Hashtag Revolutions, Spectacles and Politics

The nomination process for the next presidential candidates is in full swing in the United States.  Although this election cycle has been noteworthy for several reasons, the most notable is not only the success of billionaire Donald Trump, but of the self-proclaimed “socialist,” or at different times, “democratic socialist,” Bernie Sanders. Although both the Democratic and Republican primary races are fascinating, this analysis will focus on the Trump and Sanders and their ongoing presidential nomination campaigns. Specifically, what concerns me is the role of what Luke has called “entertainmentality” in both the Democratic and Republican primaries.

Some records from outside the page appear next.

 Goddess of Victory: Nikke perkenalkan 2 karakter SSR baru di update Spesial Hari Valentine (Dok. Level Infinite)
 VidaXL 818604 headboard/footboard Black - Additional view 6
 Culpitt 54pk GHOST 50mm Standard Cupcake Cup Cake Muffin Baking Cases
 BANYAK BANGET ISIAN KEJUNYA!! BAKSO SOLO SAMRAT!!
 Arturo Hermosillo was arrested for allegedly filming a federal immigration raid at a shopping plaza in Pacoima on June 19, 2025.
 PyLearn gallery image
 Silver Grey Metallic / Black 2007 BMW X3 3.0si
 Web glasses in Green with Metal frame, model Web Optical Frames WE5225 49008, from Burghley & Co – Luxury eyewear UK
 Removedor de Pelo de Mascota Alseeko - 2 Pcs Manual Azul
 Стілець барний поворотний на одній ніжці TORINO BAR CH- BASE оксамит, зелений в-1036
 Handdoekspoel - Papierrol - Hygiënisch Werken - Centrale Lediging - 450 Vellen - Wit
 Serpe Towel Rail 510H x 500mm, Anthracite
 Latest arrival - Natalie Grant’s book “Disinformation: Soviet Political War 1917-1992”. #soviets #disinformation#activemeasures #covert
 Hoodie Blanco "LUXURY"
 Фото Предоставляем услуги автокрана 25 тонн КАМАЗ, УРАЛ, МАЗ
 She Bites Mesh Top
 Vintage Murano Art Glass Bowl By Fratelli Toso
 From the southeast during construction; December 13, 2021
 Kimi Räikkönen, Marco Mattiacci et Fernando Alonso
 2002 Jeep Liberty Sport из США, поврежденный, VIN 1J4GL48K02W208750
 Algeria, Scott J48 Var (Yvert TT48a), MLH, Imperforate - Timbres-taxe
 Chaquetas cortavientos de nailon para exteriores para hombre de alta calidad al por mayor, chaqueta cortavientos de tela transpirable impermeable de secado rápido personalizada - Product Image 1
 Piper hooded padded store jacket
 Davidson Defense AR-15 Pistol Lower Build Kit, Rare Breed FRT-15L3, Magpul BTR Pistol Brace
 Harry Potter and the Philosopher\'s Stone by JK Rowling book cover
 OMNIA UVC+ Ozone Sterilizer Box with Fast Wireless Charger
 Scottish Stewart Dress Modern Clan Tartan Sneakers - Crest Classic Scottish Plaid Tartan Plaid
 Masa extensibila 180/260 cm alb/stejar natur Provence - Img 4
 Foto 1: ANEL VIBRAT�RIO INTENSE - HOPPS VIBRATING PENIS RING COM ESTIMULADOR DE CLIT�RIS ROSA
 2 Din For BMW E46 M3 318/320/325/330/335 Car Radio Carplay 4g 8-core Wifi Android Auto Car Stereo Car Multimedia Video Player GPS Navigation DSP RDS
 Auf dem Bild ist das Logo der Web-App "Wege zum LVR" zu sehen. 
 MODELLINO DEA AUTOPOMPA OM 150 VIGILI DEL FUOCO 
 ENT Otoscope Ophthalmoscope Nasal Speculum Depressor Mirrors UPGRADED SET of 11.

Luke has suggested that:

Plainly, ‘entertainments’ are arrangements to keep one preoccupied, to engage one in a specified manner, or to maintain one as such. To speak of entertainment, one already moves rhetorically into spaces of ‘entertainmentality,’ or practices that keep us held in some mutually pre-specified manners (2002, 4; quoted in Nickel 2012, 168).

In other words, as Nickel has noted, this “preoccupation” with entertainment narratives “not only hold our attention while holding us apart, it also imparts a false sense of individualized entertainment as a form of togetherness” (2012, 169). These “celebrity parables” have turned the race for President of the United States into the equivalent of a TV reality show complete with heroes and villains, obscuring alternatives to crisis-ridden and contradictory neoliberal governance, or “roll-out neoliberalism,” that has continued under both the Left and Right (Peck 2010).

The current Democratic and Republican primaries represent the latest iteration of this entertainment narrative. Americans’ preoccupation with the celebrity character of the Democratic and Republican primary races, despite their ideological differences, is propelled by a “media spectacle” that precludes any “political #revolution” or anti-establishment politics (Kellner 2009, 783; Fletcher 2016).

Although I argue that all of the candidates fall within this entertainmentality narrative, Sanders and Trump have each proclaimed that they are “anti-establishment” candidates and thus beyond “political orthodoxy” (Roberts and Jacobs 2016). Both presidential candidates adhere to ideologically different views, but nonetheless embrace entertainmentality narratives and media spectacle. As a result, these continue to dominate Democratic and Republican election politics.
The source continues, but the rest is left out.